DATA TO EXAMINE:
_ _ _

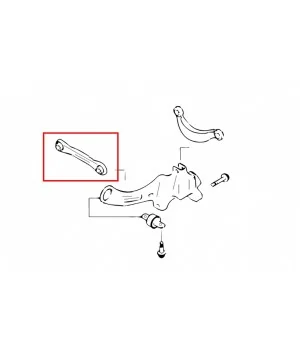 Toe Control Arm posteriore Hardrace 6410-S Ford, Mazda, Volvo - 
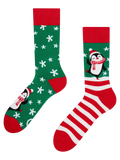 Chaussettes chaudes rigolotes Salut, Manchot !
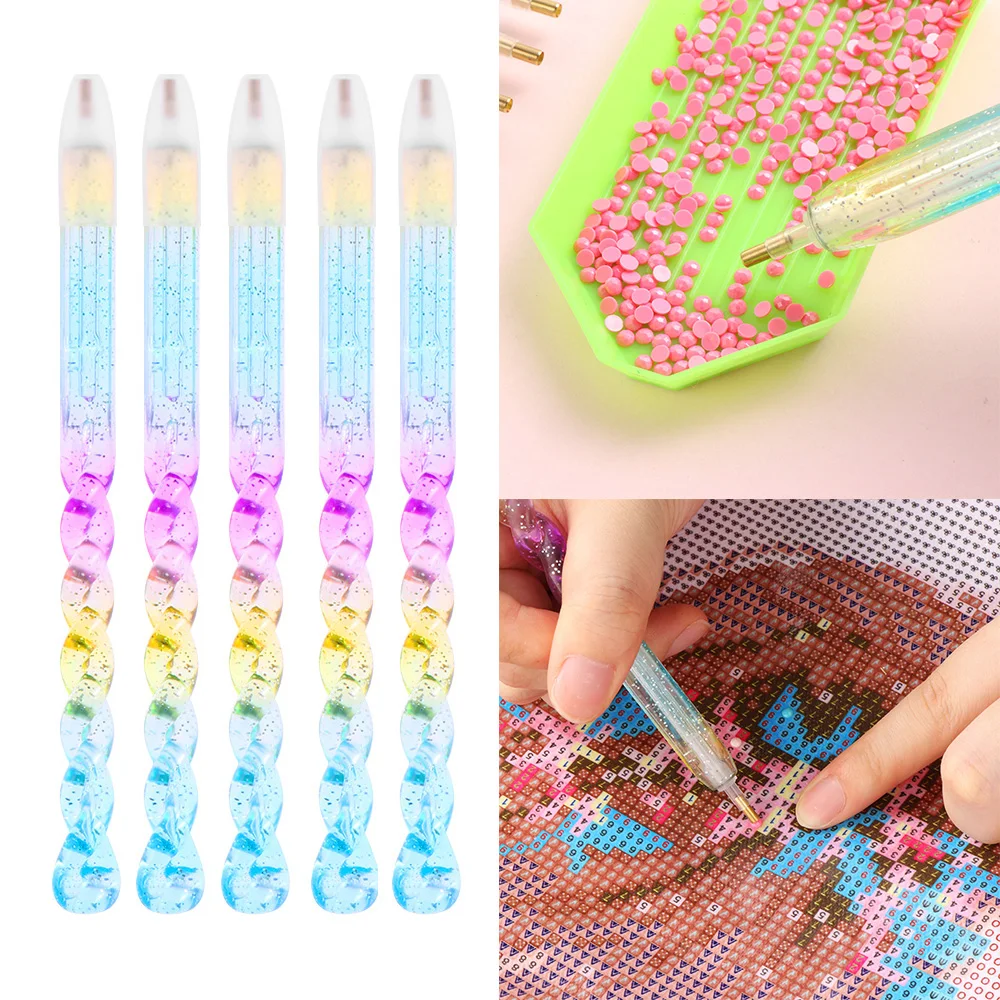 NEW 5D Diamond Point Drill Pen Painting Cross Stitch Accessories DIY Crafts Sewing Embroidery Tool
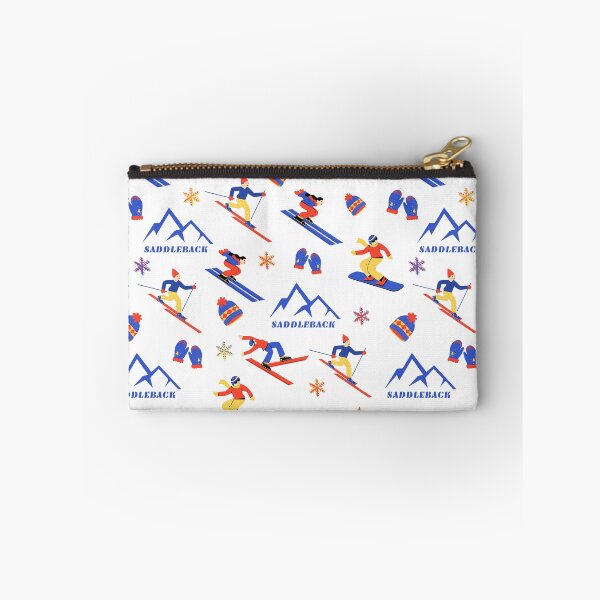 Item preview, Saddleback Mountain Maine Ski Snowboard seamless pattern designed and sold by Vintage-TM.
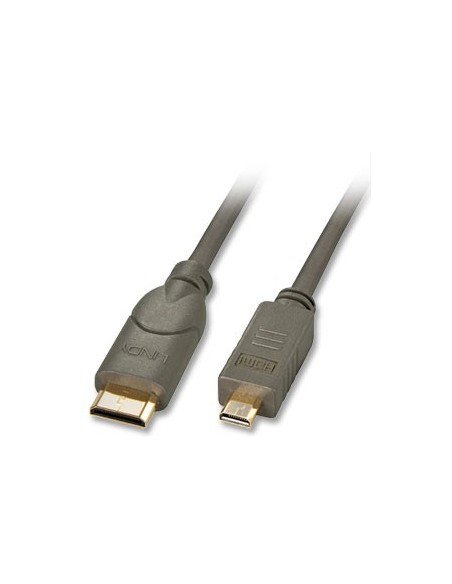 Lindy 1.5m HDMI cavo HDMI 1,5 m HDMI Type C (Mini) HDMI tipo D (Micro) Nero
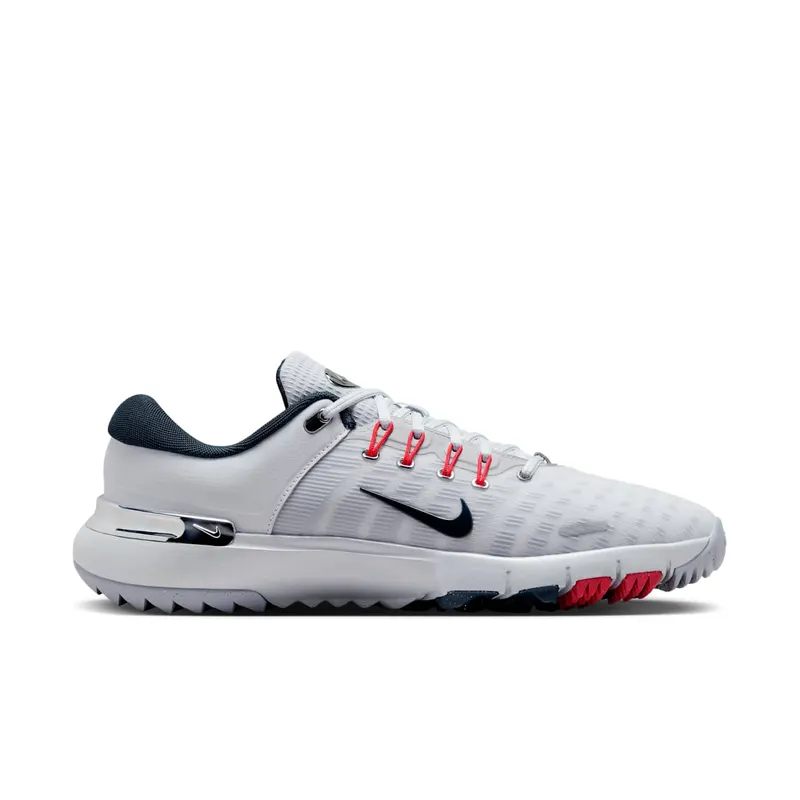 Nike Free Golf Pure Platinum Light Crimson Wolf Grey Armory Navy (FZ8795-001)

_ _ _

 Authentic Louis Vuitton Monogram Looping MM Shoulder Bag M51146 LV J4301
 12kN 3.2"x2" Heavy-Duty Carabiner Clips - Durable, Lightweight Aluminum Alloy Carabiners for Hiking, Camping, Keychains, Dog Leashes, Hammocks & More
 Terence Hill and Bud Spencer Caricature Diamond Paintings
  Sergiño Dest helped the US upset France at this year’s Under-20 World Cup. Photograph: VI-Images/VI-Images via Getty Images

_ _ _

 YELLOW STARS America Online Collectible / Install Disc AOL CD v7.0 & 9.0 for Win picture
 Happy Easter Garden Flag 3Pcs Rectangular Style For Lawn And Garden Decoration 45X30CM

_ _ _

EXERCISE AIM: Wherever the line holding "YELLOW STARS America" falls in the entries above, copy exactly from it through the line holding "Happy Easter Garden", inclusive, and add nothing.

ANSWER TO THIS PROBLEM:
 YELLOW STARS America Online Collectible / Install Disc AOL CD v7.0 & 9.0 for Win picture
 Happy Easter Garden Flag 3Pcs Rectangular Style For Lawn And Garden Decoration 45X30CM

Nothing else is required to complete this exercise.